Sometimes people will say, “But I just like the taste of food. In fact, I love the taste! Why can’t it be that simple? I overeat because I like food.”

When you like something, you pay attention to it. When you like something—love something—you take time with it. You want to be present for every second of the rapture.

Overeating does not lead to rapture. It leads to burping and farting and being so sick that you can’t think of anything but how full you are. That’s not love; that’s suffering.

When it comes to sweets, I overeat, definitely past the point where I am satisfied. I have this need to finish the bag of candy or a row of cookies, and I am not good at stopping when I’m full because I never ask myself if I’m full when I’m eating. If there is something tasty before me, I feel the need to finish it.

All of that to say that I’ve been thinking about what I may be trying to avoid by losing myself in food. There may not be a deep underlying reason that has led to this, and I have to be careful not to focus so much on figuring things out that I never get to the part of the book where I put the core principles into action. I’m a fan of mindless eating. Mindless eating is not so good. Thinking about all of this is bringing up insecurities, some which may be related to overeating and some which may not be. Whatever the case, looking at insecurities is never pleasant.

But to be honest I don’t think that’s what made me teary, though it may another day.

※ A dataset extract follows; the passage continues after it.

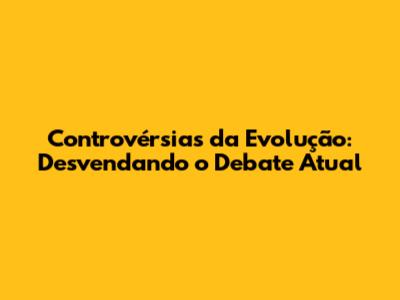 Controvérsias da Evolução: Desvendando o Debate Atual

There are some family issues that are weighing on my mind, and I’ve always been a rabid worrier when it comes to my family. Worrying does nothing but age me and lead to unpleasant physical manifestations, so I’m trying to stop worrying. This is where being a Christian, albeit one who uses God as a spare tire (call on him when I’m stranded) rather than a steering wheel (use regularly to guide the way), helps. Prayer, or for those who don’t believe in God, meditation, is really a good way to ground yourself when dealing with situations you can’t control. If I say a quick word of prayer it definitely gives me some peace, but since I don’t have a lot of faith, it’s easy for me to slide back into my old ways. So, regular prayer is going to be back on my to do list (it never left; it just wasn’t getting done).

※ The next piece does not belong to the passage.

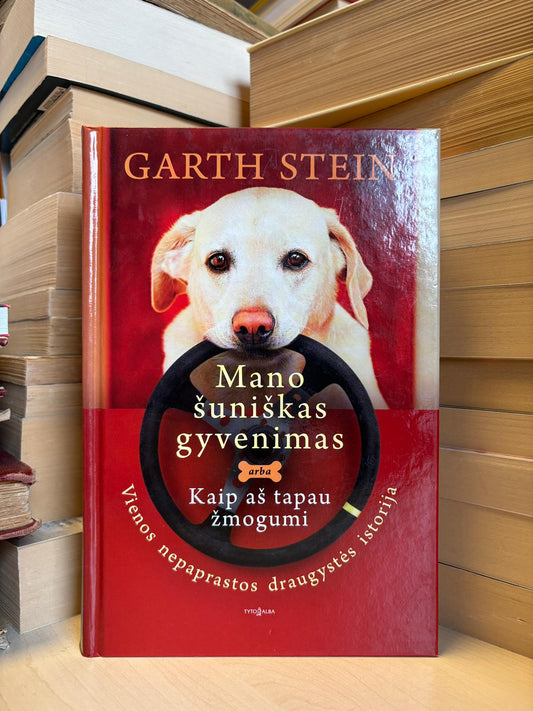 Garth Stein - ,,Mano šuniškas gyvenimas"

Howver, it was probably the article I read on the bus on the way to work, the one that mentioned an artist’s blindness as a result of complications with diabetes that upset me. My mom is diabetic and everything from ads on tv about the disease to articles that casually throw in something like the above detail about the artist, always upset me. Did you hear of that computer programmer who designed something that would block Jus.tin Be.iber references from your computer screen? I want the same for diabetes (though knowing what is being blocked probably wouldn’t help; I want it to just remove the presence of the word). Again, I can’t control my mom’s condition; I can only help her with the part that I can control: help around the house so that she has more time and energy for exercise, or join her for exercise (a great suggestion from my colleague and from other friends who have heard my woes and seen me cry over this situation).

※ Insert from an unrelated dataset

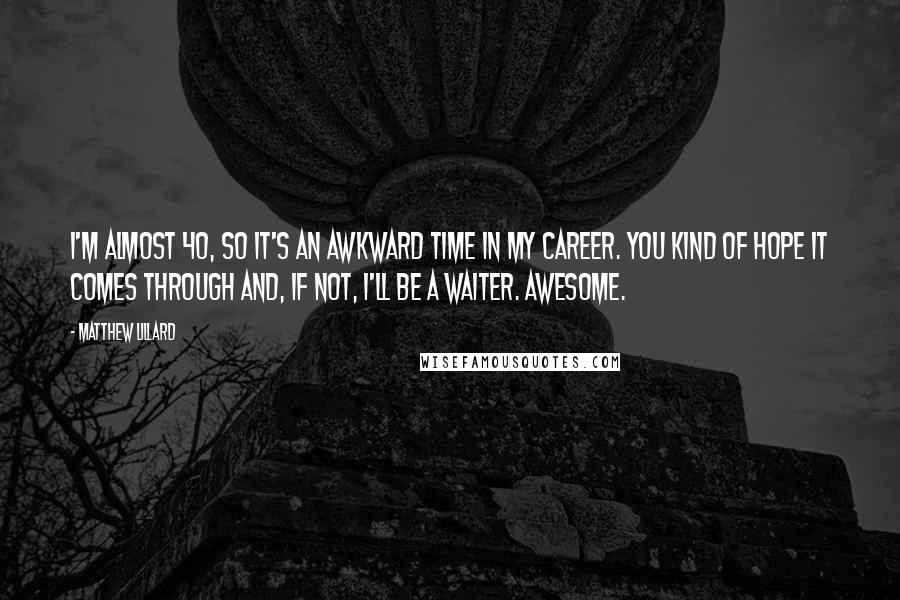Matthew Lillard quotes: I'm almost 40, so it's an awkward time in my career. You kind of hope it comes through and, if not, I'll be a waiter. Awesome. Matthew Lillard quotes: I'm almost 40, so it's an awkward time in my career. You kind of hope it comes through and, if not, I'll be a waiter. Awesome.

I’ve also been wanting to spend more QUALITY time with my parents. When I go over, it’s not at a planned time or day, so although they are usually there, sometimes they are not, or they have other things to attend to. I’d like to spend actual time with them, doing something they like and really relishing the time we have together. My colleague suggested setting a date for Sundays where I go over and help my mom cook meals for the week or for the next few days. I’m not a fan of the kitchen but since this isn’t about me, I think it’s a great idea, one I know my mom would appreciate.

I have also been lax at having siblings (and people generally) over. That has to change, even if it means I have to stop letting my dishes pile up before washing them, and even if it means I have to get my paper clutter under control. I want to socialize chez moi!

(Quick update on the exercising: I got back on that wagon on May 30, a Saturday (14 days later), skipped the Monday and Tuesday but managed to do it Wednesday and Thursday. I was really tempted to do it yesterday but I feeling very sore. I will do it today though. I also walked twice during the week!)